'''
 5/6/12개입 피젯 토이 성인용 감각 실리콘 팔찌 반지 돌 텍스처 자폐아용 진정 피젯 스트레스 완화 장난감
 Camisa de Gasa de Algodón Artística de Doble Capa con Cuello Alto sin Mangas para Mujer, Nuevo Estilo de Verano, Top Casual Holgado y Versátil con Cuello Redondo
'''
'''
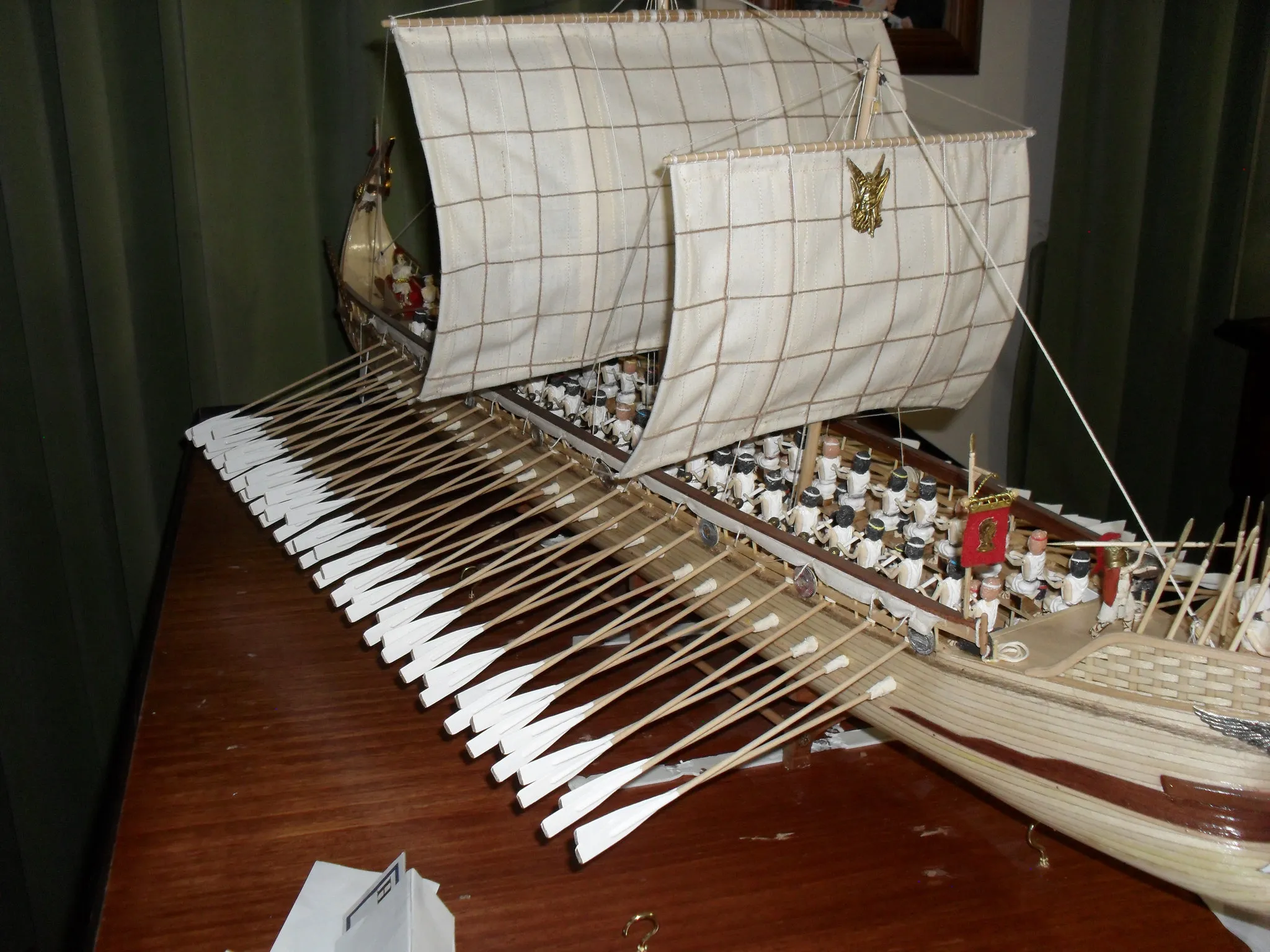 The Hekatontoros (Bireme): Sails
'''
'''
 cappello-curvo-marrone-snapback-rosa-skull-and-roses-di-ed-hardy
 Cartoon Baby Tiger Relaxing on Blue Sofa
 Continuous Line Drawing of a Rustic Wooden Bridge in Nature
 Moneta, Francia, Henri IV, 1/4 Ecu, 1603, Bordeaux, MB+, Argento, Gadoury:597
'''
* ASSIGNMENT:
The line above containing "cappello-curvo-marrone-snapback-rosa-skull-and-roses-di-ed-hardy", the line containing "Moneta, Francia, Henri", and every line between them are to be transcribed exactly; no other line is wanted.

* SOLUTION FOR THIS PROBLEM:
 cappello-curvo-marrone-snapback-rosa-skull-and-roses-di-ed-hardy
 Cartoon Baby Tiger Relaxing on Blue Sofa
 Continuous Line Drawing of a Rustic Wooden Bridge in Nature
 Moneta, Francia, Henri IV, 1/4 Ecu, 1603, Bordeaux, MB+, Argento, Gadoury:597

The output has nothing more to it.